If the version number were included in a UTYPE then all the UTYPEs of
a data model would change every time a new version of the data model
is encountered.  On the other hand if the implemention deals with a
versioned data model, most of the UTYPEs can be expected to remain
the same between versions.  It is usually pretty easy to deal with
version changes at the level of the whole data model, as typically
only a few well controlled changes will occur between versions.

On Thu, 2 Jul 2009, Norman Gray wrote:
> 1: My proposal is limited to providing an answer to (1), plus some discussion 
> of how UTypes are conceptualised.  The downsides of an HTTP URI are that it 
> is longer than the UTypes defined in SSA (but bytes are cheap), and that it 
> is not trivially compatible with current SSA implementations (though I have

The issue is not just SSA of course, but all of DAL, and essentially all
of DM.  SSA, SIAV2, TAP, DAL2 arch, GDS, Characterization, Observation,
etc. etc., plus 3-5 years of standards documents and implementations.

> 3: It's important to be clear about the distinctions between ontologies and 
> vocabularies.  Terms in a 'vocabulary' have rather loose meanings (not even 
> necessarily as precise as Roy's 'probabilistic'), and have a range of use 
> cases clustering around _searching_.  You can't do inferencing with them, and 
> they're not precise enough to use for data access.  A 'data model' is an 
> 'ontology'.  Data models are very important (and they are generally more 
> sophisticated things than vocabularies), but I don't believe we have to 
> finally settle this part of the argument yet.

Here is how Wikipedia defines Ontology:

     "...an ontology is a formal representation of a set of concepts
     within a domain and the relationships between those concepts. It
     is used to reason about the properties of that domain, and may
     be used to define the domain."

A data model is not an ontology, it is an object model.  A data
model might contain data which could be used with ontological tools,
e.g., a UCD or an astronomical object classification (Target.Class in
our example).  But the data model itself describes a specific class
of object as precisely as practical.  The goal is to be precise an
unambigous, not to support inference, at least not directly.  All the
UTYPE gives us is a concise way to refer to the attributes of a data
model in the abstract, independent of representation.

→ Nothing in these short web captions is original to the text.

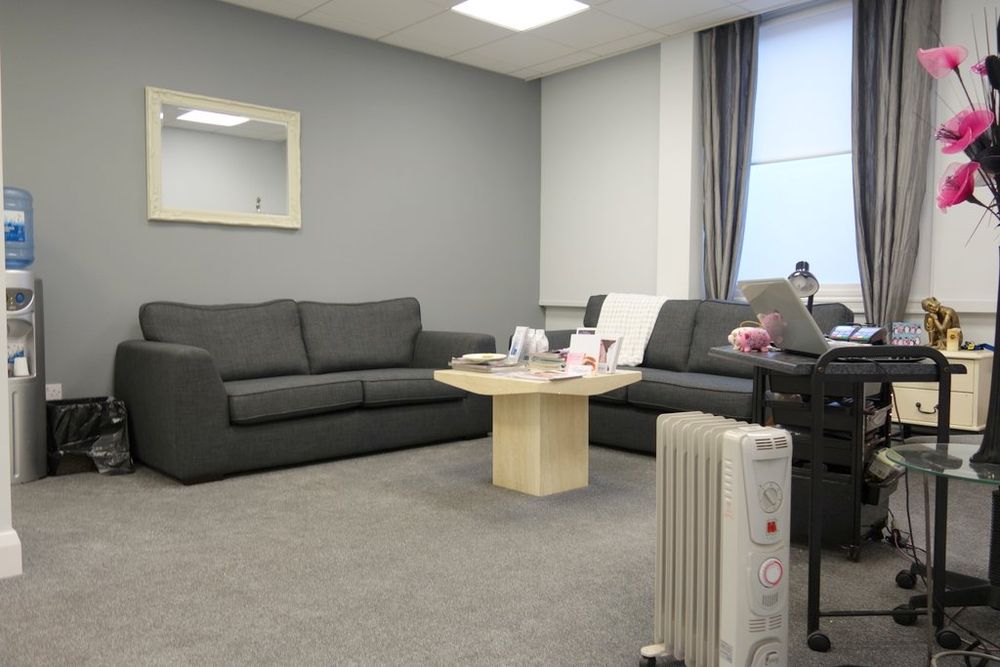 The waiting area at Nature’s Way, with sofas and a low table.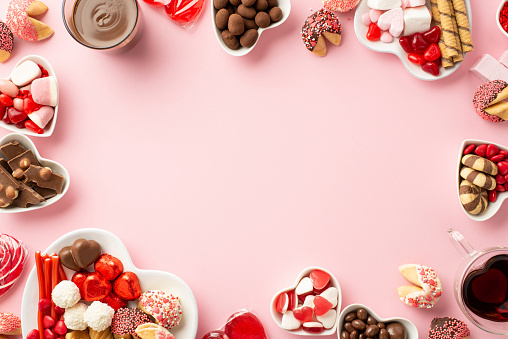 Valentine's Day concept. Top view photo of heart shaped saucers with sweets candies cookies and glass cups with beverage on isolated light pink background with blank space in the middle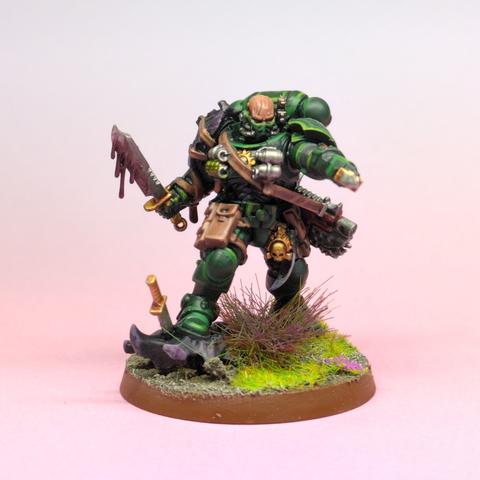 A space marine in dark green armour with a knife in each hand
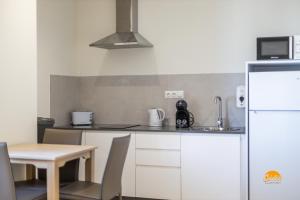 eine kleine Küche mit Tisch und Kühlschrank in der Unterkunft Delfin Azul by Cadiz Time in Cádiz + 27 Fotos
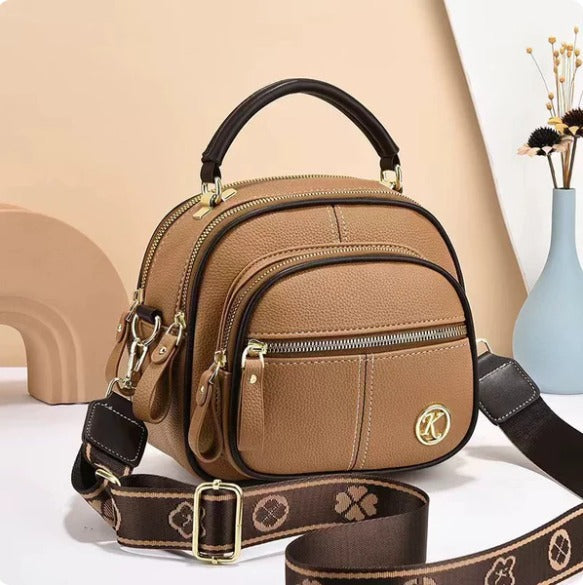 Bolso bandolera premium en sintético tipo cuero con cremallera y correa ajustable. Elegante, práctico e ideal para uso diario en Colombia.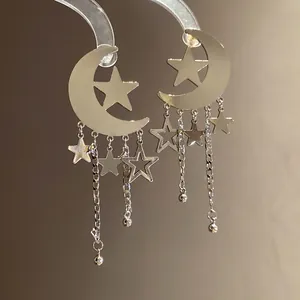 Macro detail of silver-colored crescent moon and star tassel drop earrings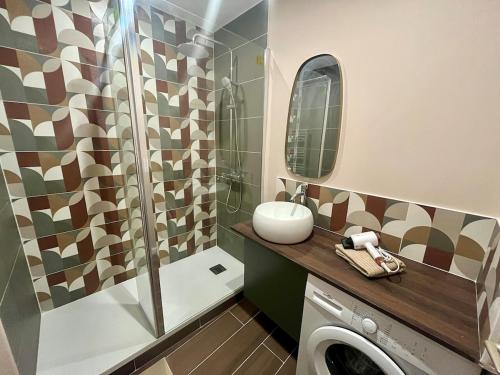 une salle de bain avec douche et machine à laver dans l'établissement Le Coquelicot, à Rouen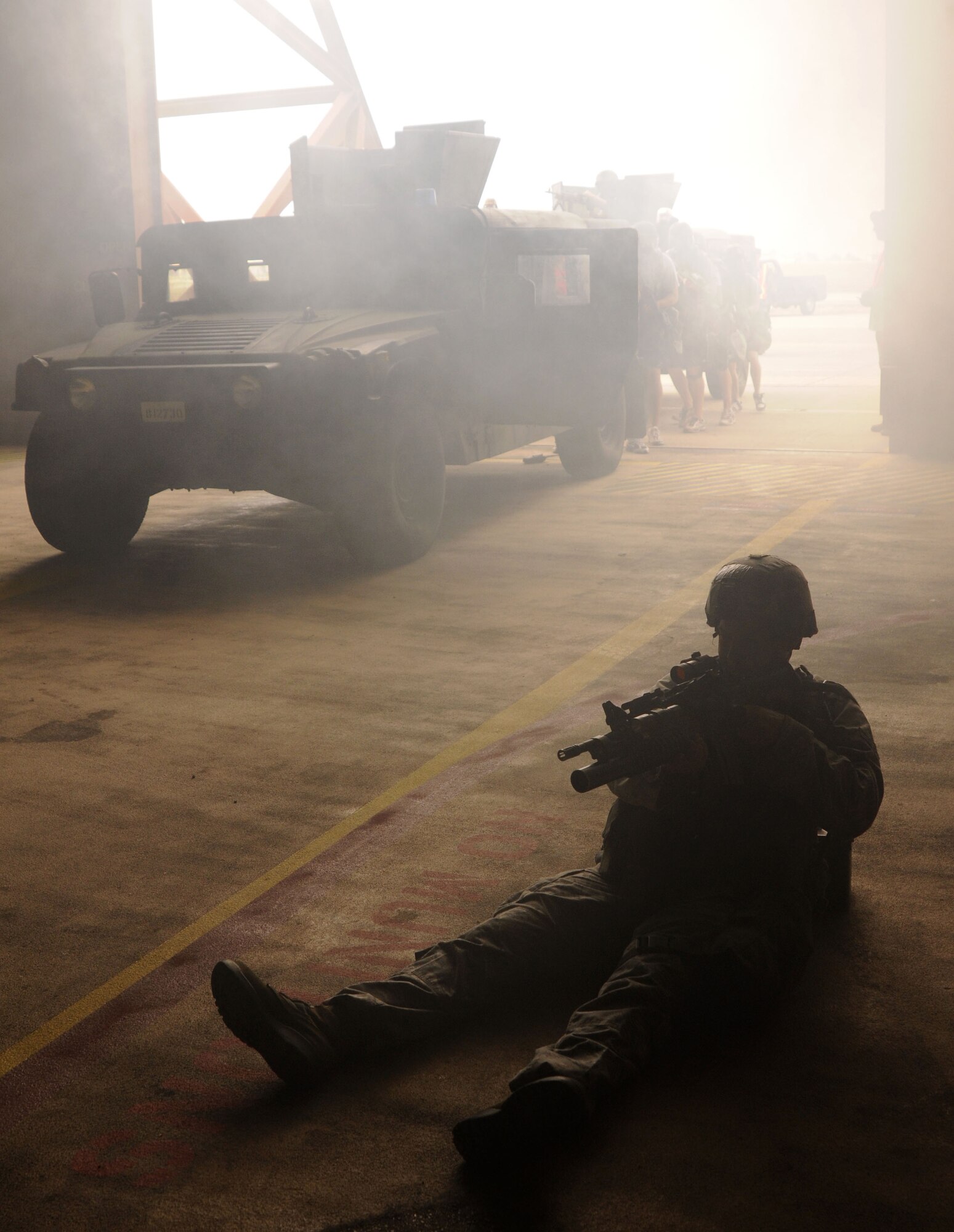 As more Airmen from 39th Security Forces Squadron enter a protective aircraft shelter, a wounded SF member keeps his sight on simulated adversaries Wednesday, July 8, 2009, during an exercise at Incirlik Air Base, Turkey. An exercise evaluation team evaluated participating squadrons on their exercise responses. (U.S. Air Force photo/Airman 1st Class Amber Russell)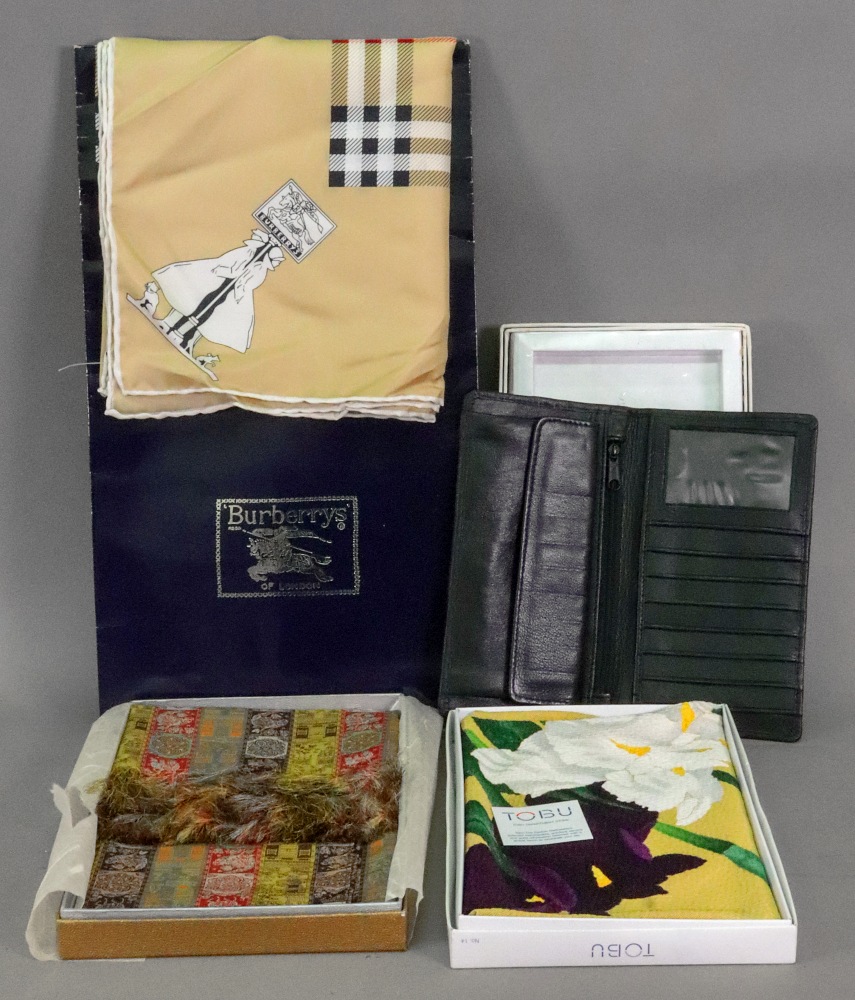 A Burberry pure silk scarf, in card sleeve, two Japanese silk scarves,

On Thu, 2 Jul 2009, Norman Gray wrote:

>> Lets keep UTYPEs as simple tags used to identify data model attributes
>> in actual scientific data analysis code, and use other mechanisms
>> for these more specialized, occasionally useful, but less important
>> capabilities.  The #1 thing here is to be able to use the data model
>> for good old fashioned scientific analysis and computation.
>
> You don't _have_ to make the URI dereferenceable.  If so, then it's a simple 
> tag, which just happens to have colons and slashes in it.  If you then change 
> your mind, you can make it dereferenceable.  If it's just a dead string, 
> however, then you're stuck -- there's no possibility of future expansion 
> without inventing _another_ mechanism.

A UTYPE is not "just a dead string".  It is a concise reference to
an individual attribute of a data model.  The data model however
is a complex entity and can have all kinds of features which we do
not need to encode within each individual UTYPE.  In particular we
can easily reference a schema, look up documentation, reference an
associated ontology, or even define a rule to convert a UTYPE from
the data model into one or more URIs.  We can even use the data model
to do an actual scientific calculation if anyone still cares!

It is far *more* powerful to defer these more complex semantics to the
data model itself, than to try to pick one such feature and have it
determine how we represent the UTYPE.  One sees this in every one of
the sample URIs: all we need is the context and the thing after the "#"
to uniquely define what we are dealing with, e.g., "RadioQuietAGN" or
"Target.Class".  The URL with all of its powerful capabilities is still
there, it is just that it is part of the namespace (object) reference.